# Your assignment
Instruction for the data below: set down exactly the lines from the line with "Noodle Strap red Chikankari Readymade Blouse" to the line with "Michael Kors Mina", inclusive, and no others.
============
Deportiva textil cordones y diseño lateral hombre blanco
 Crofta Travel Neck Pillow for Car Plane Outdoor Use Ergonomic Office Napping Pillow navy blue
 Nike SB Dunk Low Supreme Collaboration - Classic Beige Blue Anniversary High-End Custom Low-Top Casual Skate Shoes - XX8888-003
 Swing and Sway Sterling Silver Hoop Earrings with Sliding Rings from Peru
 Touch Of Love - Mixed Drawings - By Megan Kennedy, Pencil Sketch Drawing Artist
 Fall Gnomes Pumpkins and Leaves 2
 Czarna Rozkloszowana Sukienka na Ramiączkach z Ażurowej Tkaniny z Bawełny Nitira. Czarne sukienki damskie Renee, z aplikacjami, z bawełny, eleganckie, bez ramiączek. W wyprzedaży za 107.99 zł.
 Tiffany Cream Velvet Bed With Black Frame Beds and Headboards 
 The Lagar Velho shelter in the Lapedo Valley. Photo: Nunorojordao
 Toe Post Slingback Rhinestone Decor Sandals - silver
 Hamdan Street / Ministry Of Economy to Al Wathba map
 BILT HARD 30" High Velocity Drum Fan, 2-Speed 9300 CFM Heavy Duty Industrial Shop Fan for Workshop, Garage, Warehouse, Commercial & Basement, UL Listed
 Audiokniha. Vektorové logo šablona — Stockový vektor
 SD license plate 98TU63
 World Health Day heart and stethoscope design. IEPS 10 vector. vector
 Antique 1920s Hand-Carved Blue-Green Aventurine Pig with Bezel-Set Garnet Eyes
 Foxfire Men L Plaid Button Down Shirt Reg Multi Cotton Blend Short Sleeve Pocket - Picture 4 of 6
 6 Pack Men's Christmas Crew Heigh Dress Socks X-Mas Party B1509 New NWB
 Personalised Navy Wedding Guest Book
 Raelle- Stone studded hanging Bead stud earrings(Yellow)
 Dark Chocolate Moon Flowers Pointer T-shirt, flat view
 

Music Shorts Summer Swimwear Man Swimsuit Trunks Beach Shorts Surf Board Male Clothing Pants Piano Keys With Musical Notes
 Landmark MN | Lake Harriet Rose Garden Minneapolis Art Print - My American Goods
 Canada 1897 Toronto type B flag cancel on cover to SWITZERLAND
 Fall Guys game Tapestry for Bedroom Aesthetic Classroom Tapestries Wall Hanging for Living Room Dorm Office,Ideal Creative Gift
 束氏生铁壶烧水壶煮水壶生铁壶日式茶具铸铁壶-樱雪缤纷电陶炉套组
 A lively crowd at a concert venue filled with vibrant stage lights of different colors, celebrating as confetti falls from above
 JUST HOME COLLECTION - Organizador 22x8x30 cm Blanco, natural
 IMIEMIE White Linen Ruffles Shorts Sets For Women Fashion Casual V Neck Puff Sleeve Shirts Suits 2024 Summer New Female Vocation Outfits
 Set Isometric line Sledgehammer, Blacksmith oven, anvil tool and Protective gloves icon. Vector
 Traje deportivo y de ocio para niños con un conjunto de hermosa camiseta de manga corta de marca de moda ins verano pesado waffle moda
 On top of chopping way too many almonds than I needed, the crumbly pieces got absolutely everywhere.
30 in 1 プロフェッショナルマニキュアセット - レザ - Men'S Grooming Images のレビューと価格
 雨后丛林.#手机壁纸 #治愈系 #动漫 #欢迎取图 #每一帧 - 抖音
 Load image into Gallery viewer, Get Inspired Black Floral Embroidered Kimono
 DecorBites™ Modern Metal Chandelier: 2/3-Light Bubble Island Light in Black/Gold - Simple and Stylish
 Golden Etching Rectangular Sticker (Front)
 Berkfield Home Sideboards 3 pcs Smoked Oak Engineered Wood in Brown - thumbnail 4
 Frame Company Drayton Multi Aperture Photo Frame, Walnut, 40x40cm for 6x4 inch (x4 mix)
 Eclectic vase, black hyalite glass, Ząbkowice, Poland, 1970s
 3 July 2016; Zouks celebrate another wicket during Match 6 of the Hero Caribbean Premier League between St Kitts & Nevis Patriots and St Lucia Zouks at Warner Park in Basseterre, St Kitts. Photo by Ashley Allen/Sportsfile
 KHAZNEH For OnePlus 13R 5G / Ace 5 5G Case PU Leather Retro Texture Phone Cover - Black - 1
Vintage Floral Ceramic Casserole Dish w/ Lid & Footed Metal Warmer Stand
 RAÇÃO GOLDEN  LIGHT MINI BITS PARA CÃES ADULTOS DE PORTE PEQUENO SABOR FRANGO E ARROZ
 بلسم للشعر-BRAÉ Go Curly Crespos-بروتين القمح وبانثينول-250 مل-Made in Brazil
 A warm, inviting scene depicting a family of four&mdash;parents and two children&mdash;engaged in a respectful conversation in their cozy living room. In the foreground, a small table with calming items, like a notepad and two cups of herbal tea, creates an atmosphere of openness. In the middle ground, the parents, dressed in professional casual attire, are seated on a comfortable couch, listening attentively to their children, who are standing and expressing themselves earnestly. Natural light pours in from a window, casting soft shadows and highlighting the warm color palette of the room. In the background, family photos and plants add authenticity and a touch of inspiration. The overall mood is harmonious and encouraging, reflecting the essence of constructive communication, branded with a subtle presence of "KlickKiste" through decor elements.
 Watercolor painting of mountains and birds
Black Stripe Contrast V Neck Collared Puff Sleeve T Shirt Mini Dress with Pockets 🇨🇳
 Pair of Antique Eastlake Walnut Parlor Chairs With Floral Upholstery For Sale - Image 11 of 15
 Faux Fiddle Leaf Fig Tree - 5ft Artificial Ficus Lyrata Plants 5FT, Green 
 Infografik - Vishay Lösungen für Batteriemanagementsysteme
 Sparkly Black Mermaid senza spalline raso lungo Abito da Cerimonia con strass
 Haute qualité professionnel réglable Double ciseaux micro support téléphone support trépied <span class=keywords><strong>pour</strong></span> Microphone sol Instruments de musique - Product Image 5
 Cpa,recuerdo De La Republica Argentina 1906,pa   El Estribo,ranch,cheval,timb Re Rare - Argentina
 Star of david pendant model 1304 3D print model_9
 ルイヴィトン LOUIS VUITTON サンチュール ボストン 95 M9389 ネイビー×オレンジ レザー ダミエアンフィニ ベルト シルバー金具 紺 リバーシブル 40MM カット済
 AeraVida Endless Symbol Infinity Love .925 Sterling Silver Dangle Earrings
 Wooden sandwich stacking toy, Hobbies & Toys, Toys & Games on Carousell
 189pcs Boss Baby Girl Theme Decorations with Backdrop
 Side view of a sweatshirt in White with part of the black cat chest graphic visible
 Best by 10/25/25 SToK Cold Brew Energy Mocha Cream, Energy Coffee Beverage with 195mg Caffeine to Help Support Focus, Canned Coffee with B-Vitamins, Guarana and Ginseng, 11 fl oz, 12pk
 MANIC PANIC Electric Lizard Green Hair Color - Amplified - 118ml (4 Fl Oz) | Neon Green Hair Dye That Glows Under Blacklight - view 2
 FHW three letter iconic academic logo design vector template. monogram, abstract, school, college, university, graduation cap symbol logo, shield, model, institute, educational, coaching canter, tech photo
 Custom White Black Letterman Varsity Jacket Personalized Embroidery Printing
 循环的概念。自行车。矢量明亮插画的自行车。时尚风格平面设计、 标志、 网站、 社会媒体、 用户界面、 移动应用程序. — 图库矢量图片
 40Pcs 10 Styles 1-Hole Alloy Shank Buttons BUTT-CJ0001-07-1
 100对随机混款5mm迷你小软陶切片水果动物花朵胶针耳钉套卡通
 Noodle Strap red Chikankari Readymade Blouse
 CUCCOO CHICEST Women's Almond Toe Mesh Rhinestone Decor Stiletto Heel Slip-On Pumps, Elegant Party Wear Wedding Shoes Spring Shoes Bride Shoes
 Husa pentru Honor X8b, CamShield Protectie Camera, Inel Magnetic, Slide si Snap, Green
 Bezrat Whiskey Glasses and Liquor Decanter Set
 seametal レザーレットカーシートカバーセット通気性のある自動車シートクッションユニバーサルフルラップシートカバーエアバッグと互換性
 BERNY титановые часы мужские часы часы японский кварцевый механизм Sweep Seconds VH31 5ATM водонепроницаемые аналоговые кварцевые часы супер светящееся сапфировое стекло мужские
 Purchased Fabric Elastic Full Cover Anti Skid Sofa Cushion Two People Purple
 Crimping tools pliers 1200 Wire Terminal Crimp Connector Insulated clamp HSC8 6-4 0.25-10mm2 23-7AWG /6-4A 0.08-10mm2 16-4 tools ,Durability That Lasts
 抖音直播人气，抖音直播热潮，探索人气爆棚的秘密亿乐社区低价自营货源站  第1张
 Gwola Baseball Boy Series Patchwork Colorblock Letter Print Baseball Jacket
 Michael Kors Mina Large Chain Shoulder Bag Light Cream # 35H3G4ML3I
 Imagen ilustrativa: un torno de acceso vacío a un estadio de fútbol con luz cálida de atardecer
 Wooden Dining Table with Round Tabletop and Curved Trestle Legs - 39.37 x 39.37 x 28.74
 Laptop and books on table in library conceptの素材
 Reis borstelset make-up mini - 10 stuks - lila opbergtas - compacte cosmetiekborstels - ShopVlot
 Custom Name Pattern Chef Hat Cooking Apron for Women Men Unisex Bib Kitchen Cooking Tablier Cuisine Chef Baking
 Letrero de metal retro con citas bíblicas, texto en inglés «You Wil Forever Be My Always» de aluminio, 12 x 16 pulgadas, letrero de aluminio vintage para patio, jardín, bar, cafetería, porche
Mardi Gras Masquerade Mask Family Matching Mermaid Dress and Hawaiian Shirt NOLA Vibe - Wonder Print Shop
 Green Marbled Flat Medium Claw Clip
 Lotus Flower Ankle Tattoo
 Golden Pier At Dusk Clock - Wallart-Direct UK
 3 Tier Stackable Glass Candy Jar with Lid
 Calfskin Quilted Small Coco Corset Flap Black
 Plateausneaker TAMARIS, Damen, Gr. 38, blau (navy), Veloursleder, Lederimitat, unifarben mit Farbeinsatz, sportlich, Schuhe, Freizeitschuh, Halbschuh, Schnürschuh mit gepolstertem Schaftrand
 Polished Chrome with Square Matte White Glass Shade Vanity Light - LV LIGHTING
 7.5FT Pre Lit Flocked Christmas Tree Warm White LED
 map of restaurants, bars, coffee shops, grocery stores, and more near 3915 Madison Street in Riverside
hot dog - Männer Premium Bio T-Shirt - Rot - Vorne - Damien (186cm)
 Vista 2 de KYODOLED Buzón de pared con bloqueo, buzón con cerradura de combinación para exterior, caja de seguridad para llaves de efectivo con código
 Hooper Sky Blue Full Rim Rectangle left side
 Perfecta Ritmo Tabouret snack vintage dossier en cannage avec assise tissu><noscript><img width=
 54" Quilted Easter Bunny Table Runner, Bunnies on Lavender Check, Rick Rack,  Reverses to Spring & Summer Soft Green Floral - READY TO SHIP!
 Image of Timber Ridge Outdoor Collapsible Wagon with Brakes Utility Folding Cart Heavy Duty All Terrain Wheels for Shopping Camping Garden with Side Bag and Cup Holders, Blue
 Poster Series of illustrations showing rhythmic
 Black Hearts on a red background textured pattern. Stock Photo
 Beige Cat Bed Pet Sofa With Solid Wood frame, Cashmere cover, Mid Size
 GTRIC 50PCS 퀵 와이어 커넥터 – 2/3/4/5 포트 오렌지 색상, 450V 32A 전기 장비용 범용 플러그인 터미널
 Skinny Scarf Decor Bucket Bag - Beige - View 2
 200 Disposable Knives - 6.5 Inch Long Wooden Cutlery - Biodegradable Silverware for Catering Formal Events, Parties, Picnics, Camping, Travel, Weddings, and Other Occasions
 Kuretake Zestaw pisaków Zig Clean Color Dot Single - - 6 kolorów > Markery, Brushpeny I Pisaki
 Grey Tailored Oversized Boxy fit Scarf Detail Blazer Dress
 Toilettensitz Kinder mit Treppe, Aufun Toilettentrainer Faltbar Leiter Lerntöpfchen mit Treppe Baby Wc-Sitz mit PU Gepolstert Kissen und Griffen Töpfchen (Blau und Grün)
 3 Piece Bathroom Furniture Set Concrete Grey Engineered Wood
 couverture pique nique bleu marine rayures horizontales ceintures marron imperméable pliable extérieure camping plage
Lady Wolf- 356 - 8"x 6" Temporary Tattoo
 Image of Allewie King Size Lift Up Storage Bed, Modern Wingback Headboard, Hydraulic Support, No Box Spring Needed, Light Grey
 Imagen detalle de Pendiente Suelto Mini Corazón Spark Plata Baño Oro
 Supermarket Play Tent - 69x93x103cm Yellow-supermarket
============
# Response to the task
 Noodle Strap red Chikankari Readymade Blouse
 CUCCOO CHICEST Women's Almond Toe Mesh Rhinestone Decor Stiletto Heel Slip-On Pumps, Elegant Party Wear Wedding Shoes Spring Shoes Bride Shoes
 Husa pentru Honor X8b, CamShield Protectie Camera, Inel Magnetic, Slide si Snap, Green
 Bezrat Whiskey Glasses and Liquor Decanter Set
 seametal レザーレットカーシートカバーセット通気性のある自動車シートクッションユニバーサルフルラップシートカバーエアバッグと互換性
 BERNY титановые часы мужские часы часы японский кварцевый механизм Sweep Seconds VH31 5ATM водонепроницаемые аналоговые кварцевые часы супер светящееся сапфировое стекло мужские
 Purchased Fabric Elastic Full Cover Anti Skid Sofa Cushion Two People Purple
 Crimping tools pliers 1200 Wire Terminal Crimp Connector Insulated clamp HSC8 6-4 0.25-10mm2 23-7AWG /6-4A 0.08-10mm2 16-4 tools ,Durability That Lasts
 抖音直播人气，抖音直播热潮，探索人气爆棚的秘密亿乐社区低价自营货源站  第1张
 Gwola Baseball Boy Series Patchwork Colorblock Letter Print Baseball Jacket
 Michael Kors Mina Large Chain Shoulder Bag Light Cream # 35H3G4ML3I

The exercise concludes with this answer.